A gray, uncertain morning. I stare at it awhile, and then, shuddering, I opaque the window and confront instead the gray, uncertain surface of the inner panel. My room looks untidy. Did I have a woman here? There are ashes in the trays. Searching for butts, I find several with lipstick stains. Yes, a woman was here.
I touch the bedsheets. Still warm with shared warmth. Both pillows tousled. There are other indications of the night’s pleasures. A woman, yes.
I have no recollection of any of it, of course. I never do. Helen of Troy could have spent the night with me, or Marilyn Monroe’s ghost, or Aphrodite herself, and the next morning I would know nothing of what had taken place. All I know is that a woman was here, and that we made love. And now she is gone, and the Passenger has gone also, and I am alone.
How long did it last, this time?
I pick up the phone and ring Central. “What is the date?”
The computer’s bland feminine voice replies, “Friday December fourth, two thousand seven.”
“The time?”
“Nine fifty-one, Eastern Standard Time.”
“The weather forecast?”
“Predicted temperature range for today, thirty to thirty-eight. Current temperature, thirty-one. Wind from the north, sixteen miles an hour. Chances of precipitation slight.”
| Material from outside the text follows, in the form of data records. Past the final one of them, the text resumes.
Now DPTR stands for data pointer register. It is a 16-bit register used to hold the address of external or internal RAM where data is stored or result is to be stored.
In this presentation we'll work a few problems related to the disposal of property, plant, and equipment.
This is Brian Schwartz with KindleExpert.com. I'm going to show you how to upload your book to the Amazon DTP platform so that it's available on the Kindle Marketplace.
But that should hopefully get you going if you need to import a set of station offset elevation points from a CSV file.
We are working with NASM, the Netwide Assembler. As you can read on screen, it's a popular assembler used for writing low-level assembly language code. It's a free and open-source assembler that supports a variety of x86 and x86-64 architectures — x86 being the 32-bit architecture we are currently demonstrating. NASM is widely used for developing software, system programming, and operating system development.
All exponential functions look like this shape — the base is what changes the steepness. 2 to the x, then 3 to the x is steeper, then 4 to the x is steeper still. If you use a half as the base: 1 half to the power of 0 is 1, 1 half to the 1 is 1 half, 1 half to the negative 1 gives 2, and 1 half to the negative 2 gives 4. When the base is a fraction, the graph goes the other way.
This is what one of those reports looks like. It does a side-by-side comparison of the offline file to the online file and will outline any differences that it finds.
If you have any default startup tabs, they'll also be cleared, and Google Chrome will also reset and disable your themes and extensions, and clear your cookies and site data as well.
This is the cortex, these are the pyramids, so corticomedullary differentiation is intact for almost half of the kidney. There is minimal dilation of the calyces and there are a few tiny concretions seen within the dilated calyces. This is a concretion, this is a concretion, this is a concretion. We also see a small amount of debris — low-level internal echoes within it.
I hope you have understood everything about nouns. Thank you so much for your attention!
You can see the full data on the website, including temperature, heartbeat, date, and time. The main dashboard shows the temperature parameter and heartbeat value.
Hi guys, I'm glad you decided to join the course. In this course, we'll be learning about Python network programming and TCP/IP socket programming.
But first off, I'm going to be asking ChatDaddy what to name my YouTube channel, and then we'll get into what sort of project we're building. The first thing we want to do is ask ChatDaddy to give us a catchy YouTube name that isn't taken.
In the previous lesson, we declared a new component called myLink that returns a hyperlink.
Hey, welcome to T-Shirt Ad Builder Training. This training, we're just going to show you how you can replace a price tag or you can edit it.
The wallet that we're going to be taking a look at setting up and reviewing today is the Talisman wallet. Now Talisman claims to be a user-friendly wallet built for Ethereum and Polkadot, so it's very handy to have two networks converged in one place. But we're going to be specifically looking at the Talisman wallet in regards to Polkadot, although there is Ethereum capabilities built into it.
“What do you recommend for a hangover?”
“Food or medication?”
“Anything you like,” I say.
The computer mulls that one over for a while. Then it decides on both, and activates
my kitchen. The spigot yields cold tomato juice. Eggs begin to fry. From the medicine slot comes a purplish liquid. The Central Computer is always so thoughtful. Do the Passengers ever ride it, I wonder? What thrills could that hold for them? Surely it must be more exciting to borrow the million minds of Central than to live awhile in the faulty, short-circuited soul of a corroding human being!
December fourth, Central said. Friday. So the Passenger had me for three nights.
I drink the purplish stuff and probe my memories in a gingerly way, as one might probe a festering sore.
I remember Tuesday morning. A bad time at work. None of the charts will come out right. The section manager irritable; he has been taken by Passengers three times in five weeks, and his section is in disarray as a result, and his Christmas bonus is jeopardized. Even though it is customary not to penalize a person for lapses due to Passengers, according to the system, the section manager seems to feel he will be treated unfairly. We have a hard time. Revise the charts, fiddle with the program, check the fundamentals ten times over. Out they come: the detailed forecasts for price variations of public utility securities, February–April 2008. That afternoon we are to meet and discuss the charts and what they tell us.
I do not remember Tuesday afternoon.
That must have been when the Passenger took me. Perhaps at work; perhaps in the mahogany-paneled boardroom itself, during the conference. Pink concerned faces all about me; I cough, I lurch, I stumble from my seat. They shake their heads sadly. No one reaches for me. No one stops me. It is too dangerous to interfere with one who has a Passenger. The chances are great that a second Passenger lurks nearby in the discorporate state, looking for a mount. So I am avoided. I leave the building.
After that, what?
Sitting in my room on this bleak Friday morning, I eat my scrambled eggs and try to reconstruct the three lost nights.